Cette confusion entre biens éligibles et biens non éligibles et entre les passifs afférents aux uns et aux autres ne nous paraît pas raisonnable.
Je tenais donc à vous indiquer quelle était clairement l’intention du Gouvernement. Je doute que le Conseil constitutionnel, puisque c’est à cette instance que vous avez discrètement fait allusion tout à l’heure, monsieur Marini, trouve quoi que ce soit à redire à ce raisonnement.
De la même manière, un bien personnel ne doit pas être assimilé à un bien professionnel au seul motif qu’il est détenu par la société. Cette sortie des biens non professionnels a d’ailleurs toujours été prévue. Elle n’a jamais été censurée ni même contestée. Simplement, elle est aujourd'hui considérée de manière différente.
Jusqu’à présent, la valeur d’une société était calculée déduction faite de la valeur des biens professionnels. Ainsi, la valeur d’une société possédant un avion privé ou un yacht – tant mieux pour ceux qui en bénéficient – était jusqu’alors calculée déduction faite de la valeur de ce yacht ou de cet avion. Désormais, nous demandons que cette valeur soit identifiée. Il nous paraît en effet plus facile de déclarer la valeur d’un bien de cette nature plutôt que de la déduire de la valeur de la société. Nous ne proposons pas de changement fondamental. Ce n’est là qu’une mesure de simplification.
Enfin, vous avez largement abordé la question des holdings patrimoniales. Les exemples sont nombreux, certains très célèbres. On sait que ces holdings ont de facto permis de ne pas intégrer dans l’assiette de l’ISF des biens qui, logiquement, étaient éligibles à cet impôt.
Que les choses soient claires : une société opérationnelle qui réinvestit n’est pas concernée par la disposition que le Gouvernement propose au Parlement. En revanche, parce que nous avons constaté des optimisations massives, nous estimons que le revenu capitalisé doit être pris en compte, non pas une deuxième fois, mais une fois, et au début. Dès lors que des titres sont versés ou donnés à une société patrimoniale - c’est à ce moment-là que l’on doit considérer la plus-value - l’ISF doit s’appliquer, et non plus au moment où ladite société verse à celles ou à ceux qui la possèdent les ressources nécessaires à leur train de vie.
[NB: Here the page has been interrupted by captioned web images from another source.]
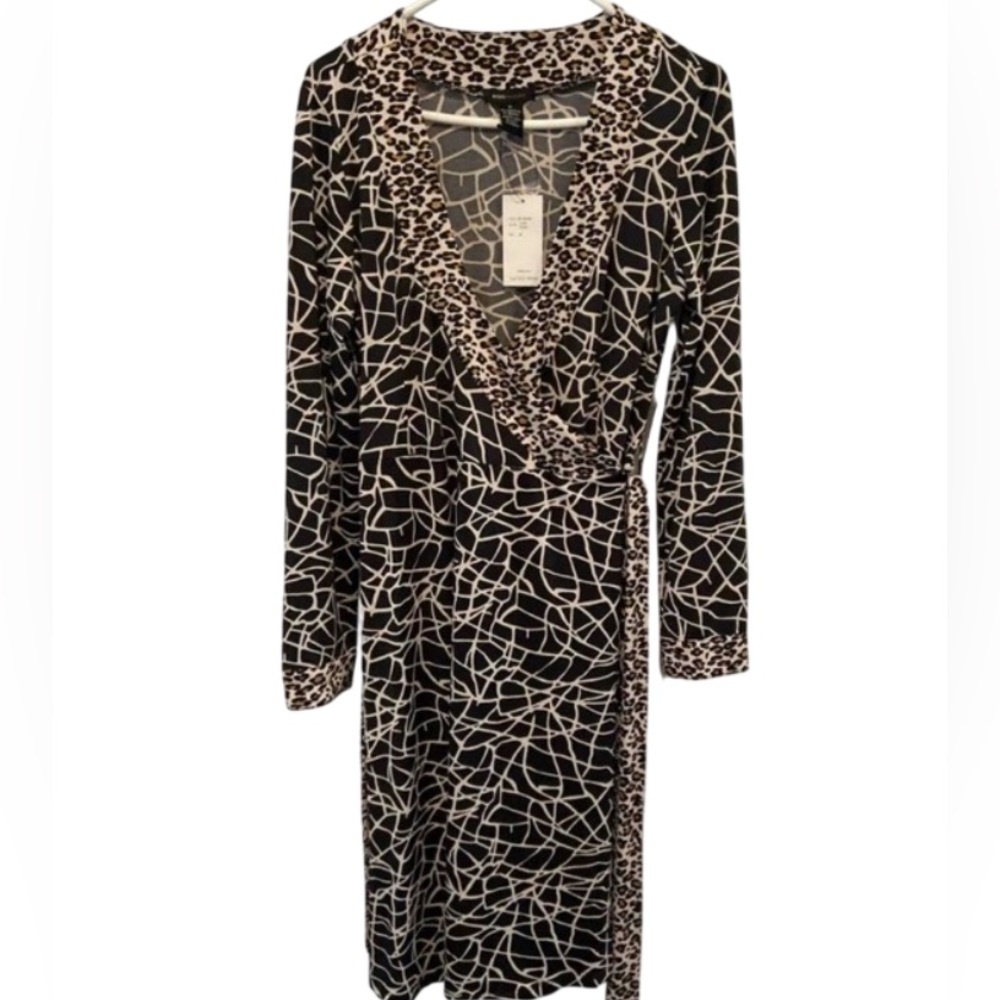 BCBG MAX AZRIA $240 Slinky Stretch Animal Print True Wrap Dress Size Medium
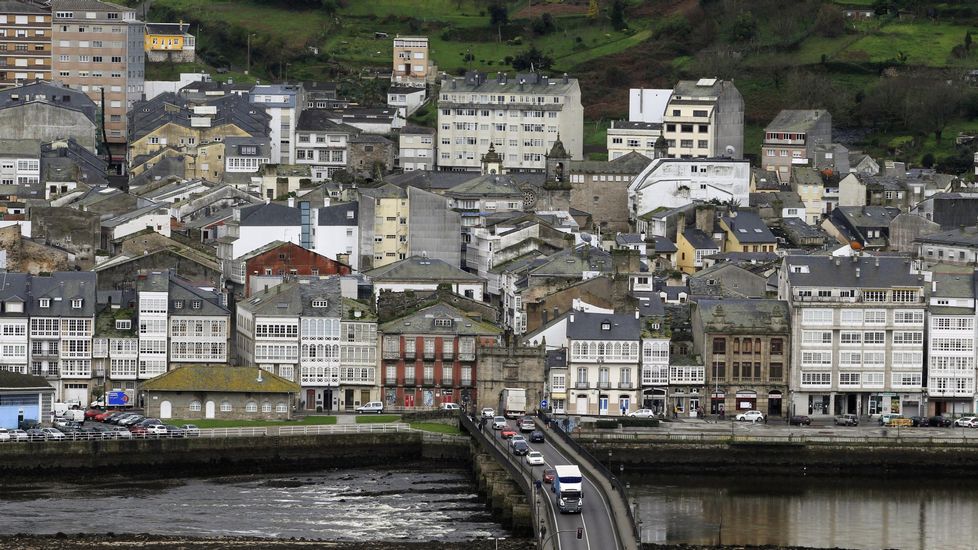 VIVEIRO (LUGO) CUMPLIRÁ EL JUEVES 125 AÑOS COMO CIUDAD • EL CONCELLO RECORDARÁ LA EFEMÉRIDES CON UNA PLACA Y EN LAS REDES SOCIALES PIDEN QUE SE LE DE EL NOMBRE DE LA REINA MARIA CRISTINA A LA GLORIETA DE VERXELES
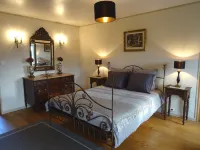 Manoir de Savigny Hotels in Teurthéville-Bocage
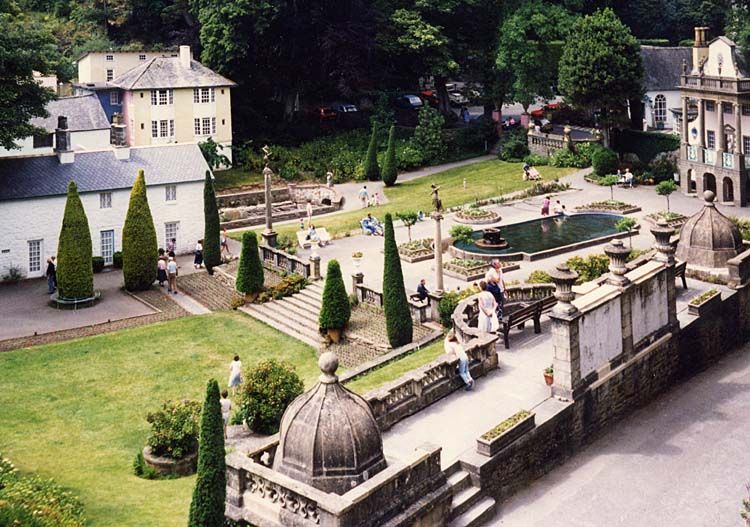 File:Portmeirion.750pix.jpg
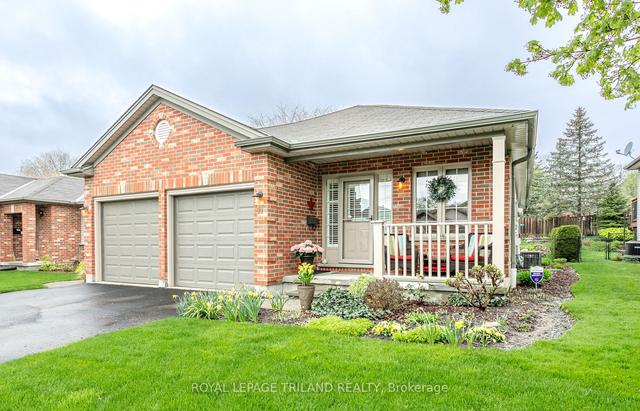11 - 59 Pennybrook Cres, Condo with 2 bedrooms, 2 bathrooms and 4 parking in London ON | Image 12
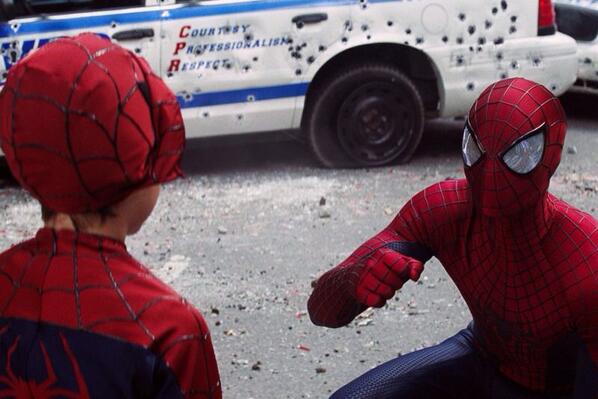 AizatAbd's tweet photo. Korang rase ape Spiderman tengah cakap dengan budak tu? RT kalau korang tau. #Spiderman2 http://t.co/lUffKYGuON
Vous voyez très bien à quoi je fais référence.
Cantonner les plus-values dans une société patrimoniale et, au motif que cette société patrimoniale serait assimilée à un bien professionnel, exonérer d’ISF les titres et les plus-values ainsi cantonnés a abouti à des excès tout à fait déloyaux à l’égard du fisc, donc du pays.
C’est pour revenir sur ces excès que nous proposons cette disposition.
Il n’y a nulle spoliation, nulle déloyauté à l’égard des contribuables concernés ; il y a simplement une clarification qui permet à ces sociétés patrimoniales de jouer pleinement leur rôle, mais pas au-delà, et certainement pas un rôle d’optimisation fiscale. Le pays ne peut plus se permettre ce type de procédé !
Voilà, monsieur le président de la commission, les explications que vous aviez sollicitées, en espérant vous avoir convaincu.